Information supplied →
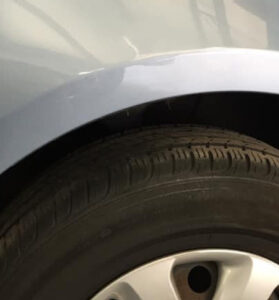 Dent Fixed
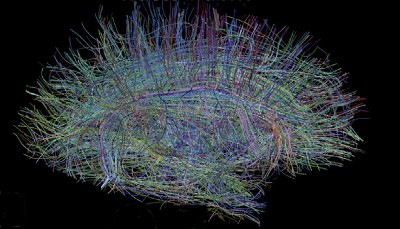 Brainbow from the National Institute of Mental Health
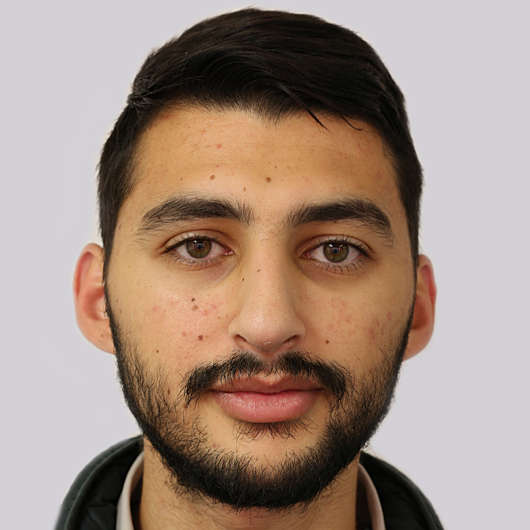 Dr Ha Rhinoplasty Before & After (Male) - Adelaide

Task objective → Return the listing above in full and exactly, omitting all pictures.

Exercise result →
 Dent Fixed
 Brainbow from the National Institute of Mental Health
 Dr Ha Rhinoplasty Before & After (Male) - Adelaide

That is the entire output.